また、上述の各実施形態では、外的要因軽減装置300により特定される外的要因時系列の数が1の場合を例に説明した。しかしながら、特定される外的要因時系列の数は複数でもよい。この場合、外的要因軽減処理では、例えば、回帰分析により、複数の外的要因時系列の値から目的時系列の値を予測するための予測式が生成され、当該予測式に基づき、差分時系列が生成される。
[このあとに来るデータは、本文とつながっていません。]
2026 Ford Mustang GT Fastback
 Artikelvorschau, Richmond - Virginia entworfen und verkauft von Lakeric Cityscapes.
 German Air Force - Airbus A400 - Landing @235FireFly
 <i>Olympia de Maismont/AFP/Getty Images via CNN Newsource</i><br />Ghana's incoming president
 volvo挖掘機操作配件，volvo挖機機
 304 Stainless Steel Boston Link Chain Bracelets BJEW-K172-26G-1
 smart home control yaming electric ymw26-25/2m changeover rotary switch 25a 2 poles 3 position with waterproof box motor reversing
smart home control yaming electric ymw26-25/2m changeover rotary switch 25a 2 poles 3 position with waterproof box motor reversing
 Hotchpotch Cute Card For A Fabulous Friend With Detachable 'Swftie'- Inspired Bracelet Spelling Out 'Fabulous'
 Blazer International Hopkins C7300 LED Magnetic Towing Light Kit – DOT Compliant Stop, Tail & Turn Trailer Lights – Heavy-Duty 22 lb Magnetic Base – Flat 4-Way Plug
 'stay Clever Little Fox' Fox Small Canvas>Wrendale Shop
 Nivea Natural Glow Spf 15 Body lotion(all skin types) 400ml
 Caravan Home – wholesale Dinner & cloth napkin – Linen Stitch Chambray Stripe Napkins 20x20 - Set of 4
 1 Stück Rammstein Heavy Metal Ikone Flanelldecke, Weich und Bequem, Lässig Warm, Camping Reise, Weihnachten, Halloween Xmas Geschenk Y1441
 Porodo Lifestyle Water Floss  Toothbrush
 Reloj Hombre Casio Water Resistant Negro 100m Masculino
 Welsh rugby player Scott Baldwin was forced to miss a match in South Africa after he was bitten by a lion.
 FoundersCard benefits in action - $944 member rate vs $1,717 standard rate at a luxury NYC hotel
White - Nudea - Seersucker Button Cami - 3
また、上述の各実施形態では、目的時系列の数が1の場合を例に説明した。しかしながら、目的時系列の数は複数でもよい。この場合、外的要因軽減処理では、例えば、複数の目的時系列の各々について、外的要因時系列が特定され、差分時系列が生成される。そして、要因抽出処理では、複数の差分時系列の各々について、外的要因時系列以外の説明時系列の影響度が算出され、要因候補の説明時系列が抽出される。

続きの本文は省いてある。